But yeah, some pretty valid points there, especially with the contract situation. And the Vince interview where he slaps the reporters papers is cringe-worthy.

comfortablynumb
04-01-2019, 08:29 AM
He did mention WWE provided rehab for past wrestlers, very quickly, but it was mentioned.

I watch John Oliver every week so it was surprising to hear "And tonight's main topic is ... the WWE."

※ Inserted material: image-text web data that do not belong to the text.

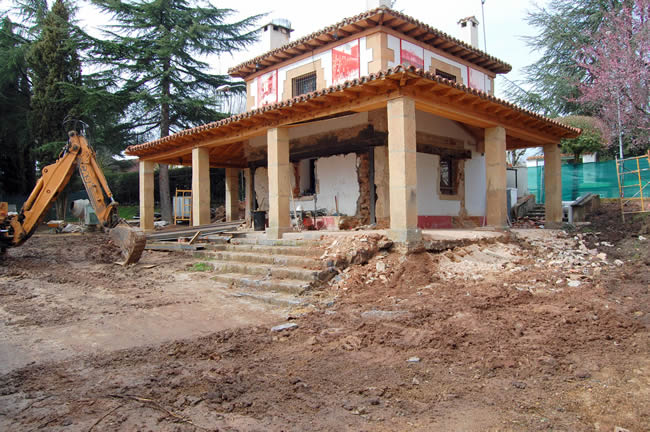 Obras en la Casa del Guarda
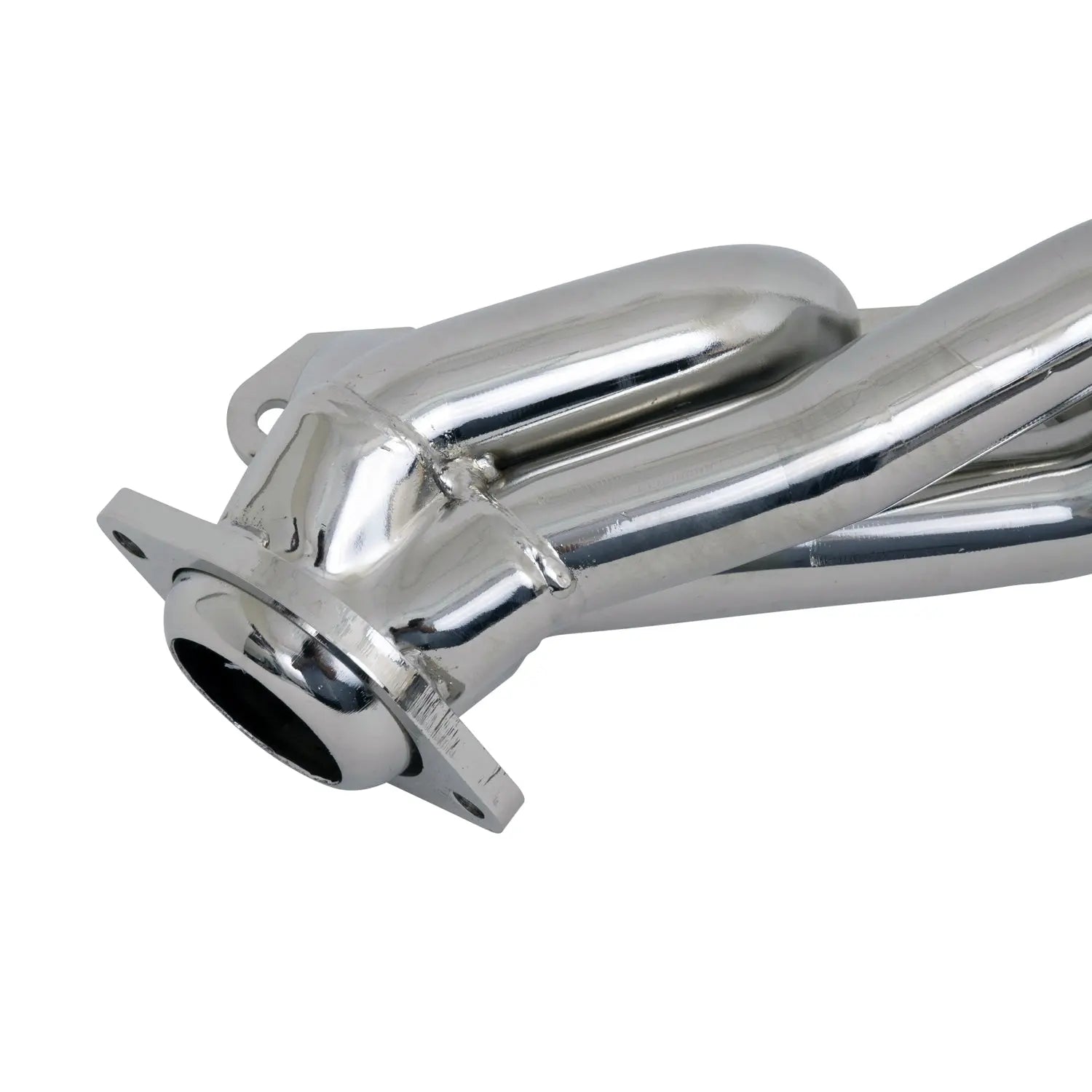 Ford F150 302 5.0 1-5/8 Shorty Exhaust Headers Polished Silver Ceramic 87-95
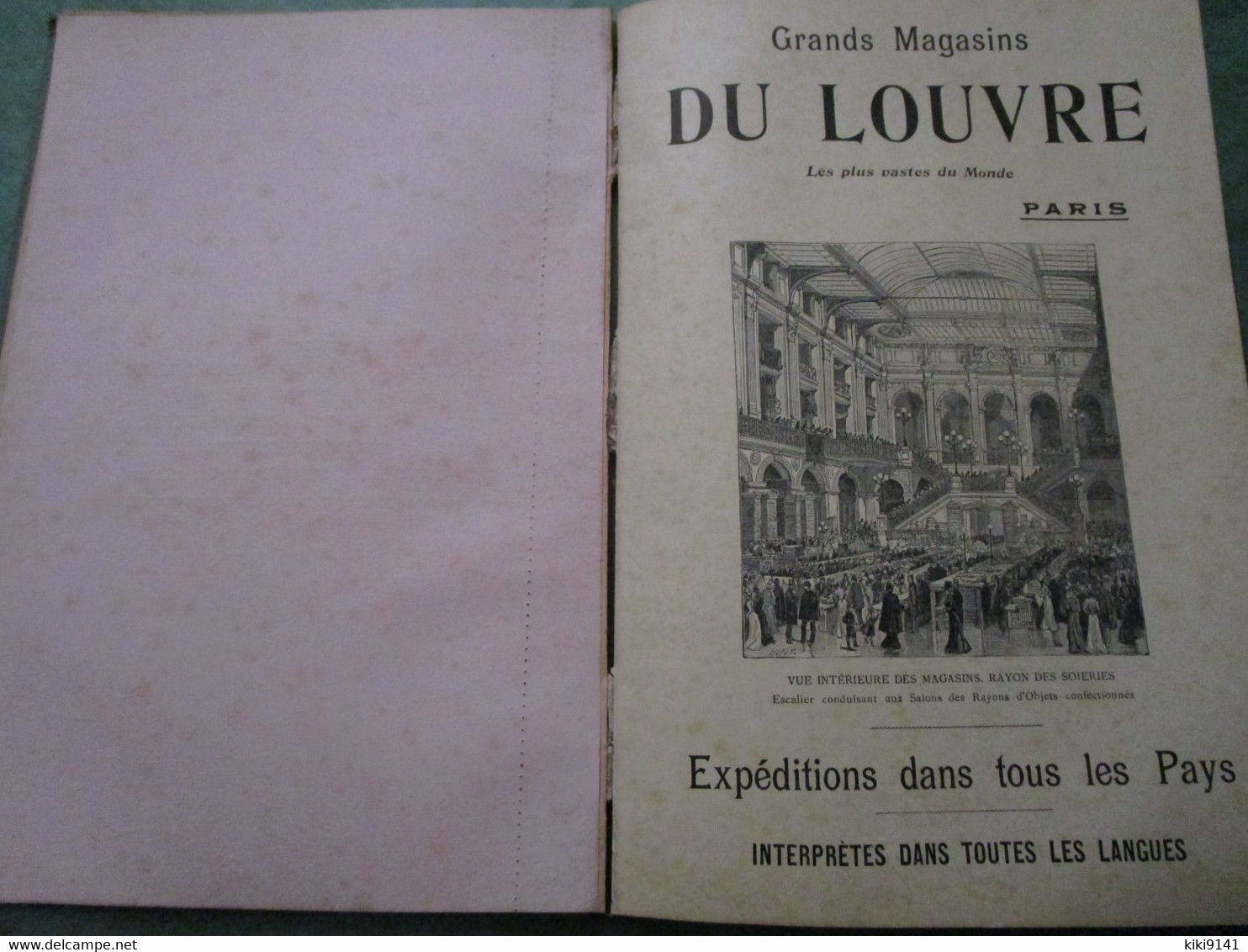 AGENDA 1905 - GRANDS MAGASINS Du LOUVRE (228 Pages + Plan De Paris) - Big : 1901-20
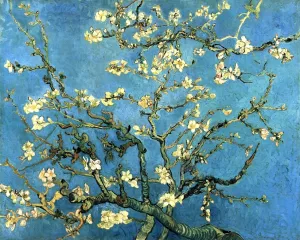 Branches with Almond Blossom Oil painting by Vincent van Gogh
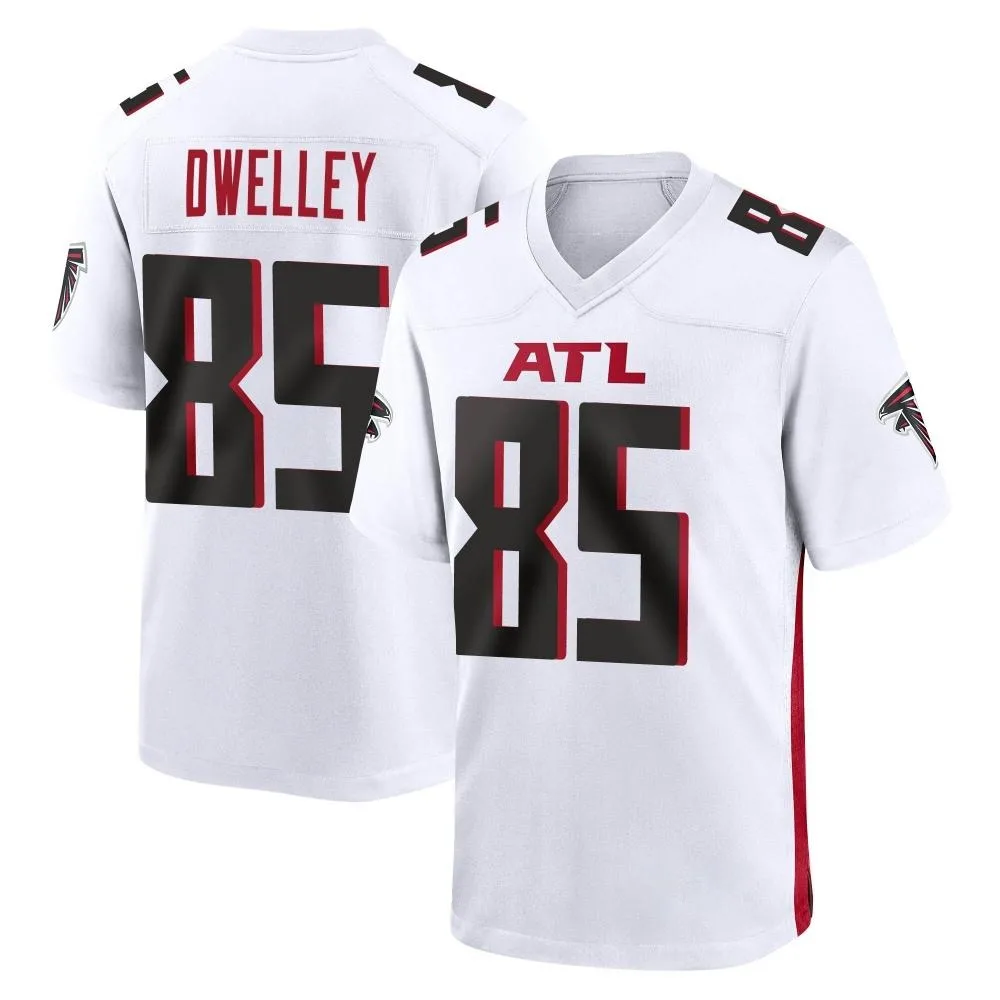 Ross Dwelley Atlanta Falcons Men's Nike Game White Jersey Ross Dwelley Atlanta Falcons Men's Nike Game White Jersey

I do agree it was essentially the same old - but still very valid - talking points. It seemed like something that could have run 10 years ago though minus a few more-recent events. Still not a good look heading into Wrestlemania though.

Gooner
04-01-2019, 09:18 AM
It must have been quick cos I certainly didn't hear it mentioned

comfortablynumb
04-01-2019, 09:32 AM
Very quickly. 16:01 mark.


https://www.youtube.com/watch?v=m8UQ4O7UiDs

Gooner
04-01-2019, 01:13 PM
Can't see the video (must be US only), but I take your word for it!

Cult Icon
04-01-2019, 01:55 PM
WWE has released a statement refuting every point Oliver made in the video (I guess including that video where Vince clearly mocks a reporter for asking why he feels no responsibility towards wrestler's deaths) and have invited him to appear at Wrestlemania. I can tell you now that won't be happening, as Oliver is taping his show that night (as he does almost every Sunday).

LK3185
04-01-2019, 03:08 PM
The only real play this has gotten is wrestling twitter up in arms over John Oliver joking that Roman Reigns looks like a pedophile.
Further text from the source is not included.